Nashville has long been a favorite destination for fans of great restaurants, and for the most part, the dining scene remains intact. Even in the few sad cases where restaurants have been forced to shutter, there are silver linings to be found. Chef Margot McCormack has been a beloved leader in the culinary community for years, but was forced to close her quaint East Nashville morning meal bistro Marché Artisan Foods after it never really bounced back from being damaged by the tornado. Fortunately, McCormack has brought many of the staff and some of the menu around the corner to her venerable eponymous Margot Café & Bar where she has added breakfast, brunch, and lunch service to the soulful European-inspired seasonal dishes that earned her vaunted reputation. The addictive bread and pastry program from Marché also made the transition, much to the joy of those with a love for the talents of Margot’s baking team.
Downtown, The Green Pheasant was forced to close despite earning several “Best of” awards during its first year of operations, serving intricate and inventive modern Japanese cuisine the likes of which have never been seen before in Nashville. In addition to the fantastic food, the décor of The Green Pheasant represented some of the most cutting-edge restaurant design in the city, but unfortunately the cavernous space proved too expensive to survive the shutdown. On the bright side, the husband and wife team of Trey Burnette and Jess Benefield have returned to the kitchen of their original East Nashville izakaya Two Ten Jack to focus on the of ramen bowls and traditional Japanese comfort food that made Nashville fall in love with them in the first place!
Even in the midst of last spring’s turmoil, several entrepreneurial chefs have been bold enough to open new restaurants, and the early returns have been excellent.

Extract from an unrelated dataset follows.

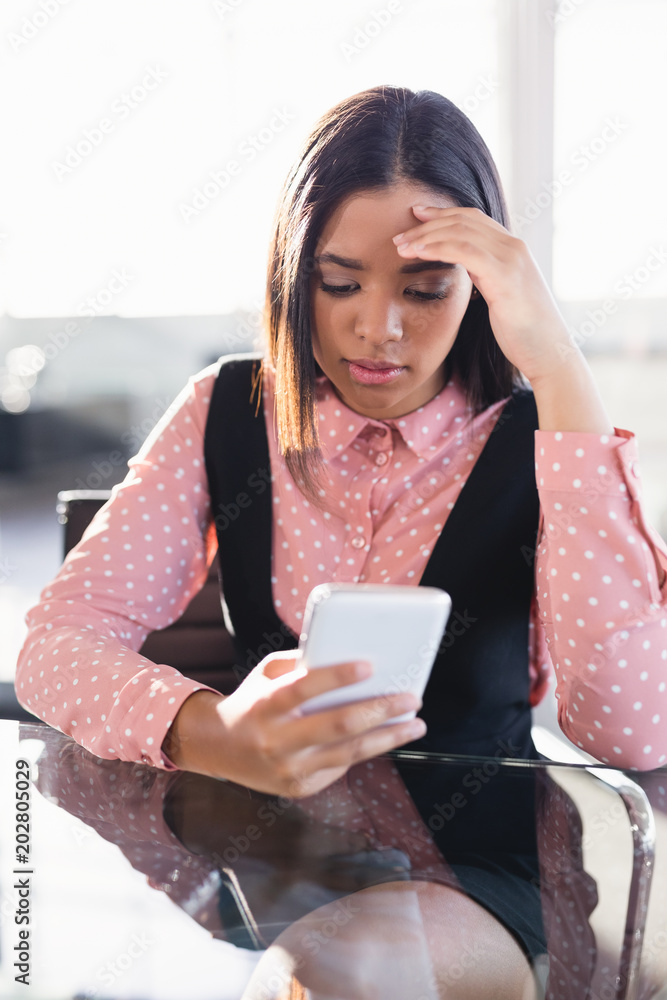Worried businesswoman using mobile phone Worried businesswoman using mobile phone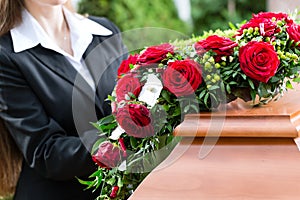 Mourning Woman at Funeral with coffin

While the city waits for James Beard award-winning chef Sean Brock to open Audrey, his massive homage to his Appalachian food roots that’s currently under construction in East Nashville, he quietly opened another ode to his youth with Joyland. The cozy restaurant salutes some of Chef Brock’s favorite guilty pleasures: gas station fast food. From a decadent selection of biscuit sandwiches to the prototypical griddled cheeseburger to his takes on the Oxford, Miss., tradition of serving fried chicken on a stick, Brock has recreated and elevated fast food.
Another former fine dining chef has gone a little bit lowbrow as Edgar Pendley, from Urban Grub, opened TennFold, a combination brewery and pizzeria in the up-and-coming Donelson neighborhood near the Nashville Airport. In addition to an ever-growing selection of craft beers of many styles, Pendley has created a menu of innovative Neopolitan and New York-style pizzas. Bravely opening in the early days after the initial closing of dining rooms, Pendley trained his team by cooking dozens of pies a day to be distributed for free to displaced hospitality workers.

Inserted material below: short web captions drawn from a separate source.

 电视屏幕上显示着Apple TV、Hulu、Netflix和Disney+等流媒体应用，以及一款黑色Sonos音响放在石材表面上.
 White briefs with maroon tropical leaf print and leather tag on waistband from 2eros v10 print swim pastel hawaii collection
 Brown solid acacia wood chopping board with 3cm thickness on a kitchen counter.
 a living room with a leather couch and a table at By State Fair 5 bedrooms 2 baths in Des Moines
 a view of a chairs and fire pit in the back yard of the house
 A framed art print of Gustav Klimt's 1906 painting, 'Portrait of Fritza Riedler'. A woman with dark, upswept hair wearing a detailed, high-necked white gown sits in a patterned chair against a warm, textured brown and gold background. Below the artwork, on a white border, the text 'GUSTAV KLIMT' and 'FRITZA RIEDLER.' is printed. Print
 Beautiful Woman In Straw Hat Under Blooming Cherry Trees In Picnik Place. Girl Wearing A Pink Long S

After what felt like years of anticipation, Atlanta chef/restaurateur Ford Fry finally opened the first of what is planned to be three properties in Germantown at 1400 Adams St. with the second outpost of The Optimist. Despite the intentionally humble “fish camp” vibe of its seafood-centric menu, The Optimist is a stunner of a restaurant with spacious dining room, an expansive outdoor patio and a classy bar upstairs. The former warehouse has been converted into what Fry calls “a moody yet luxe take on a classic Gloucester fishing village.” Whatever he calls it, it’s gorgeous and will soon be joined by two new Fry projects in the same building, an upscale cocktail emporium named Le Loup and a listening room and taqueria-inspired eatery called Star Rover Sound. Add these properties to Fry’s already popular Superica Tex-Mex eatery in the Gulch, and you’ll see why Nashvillians have been willing to wait for him to complete his vision!